# Assigned task
How do the lines below between the ones holding "Diesel - SKM-D-OVAL, Lot" and "SHAY 18K black", inclusive, read? Give them again exactly, with no other lines.

# Exercise material
####################

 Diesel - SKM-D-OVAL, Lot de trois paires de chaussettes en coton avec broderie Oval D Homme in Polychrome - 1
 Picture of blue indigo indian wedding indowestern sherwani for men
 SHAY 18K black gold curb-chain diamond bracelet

####################

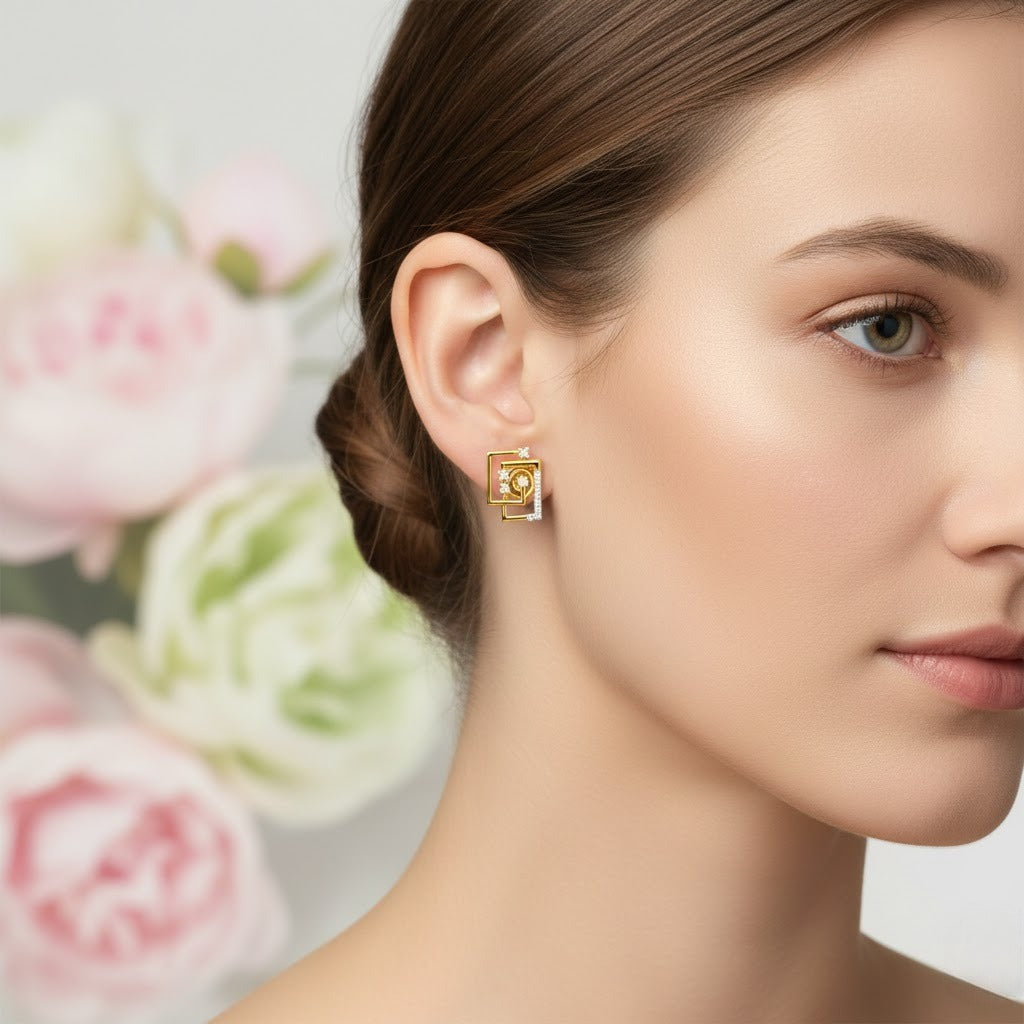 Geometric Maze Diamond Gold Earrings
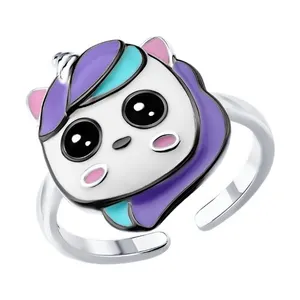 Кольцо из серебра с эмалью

####################

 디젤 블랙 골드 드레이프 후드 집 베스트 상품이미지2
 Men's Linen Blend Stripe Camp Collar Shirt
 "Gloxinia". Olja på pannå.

####################

# Solved problem
 Diesel - SKM-D-OVAL, Lot de trois paires de chaussettes en coton avec broderie Oval D Homme in Polychrome - 1
 Picture of blue indigo indian wedding indowestern sherwani for men
 SHAY 18K black gold curb-chain diamond bracelet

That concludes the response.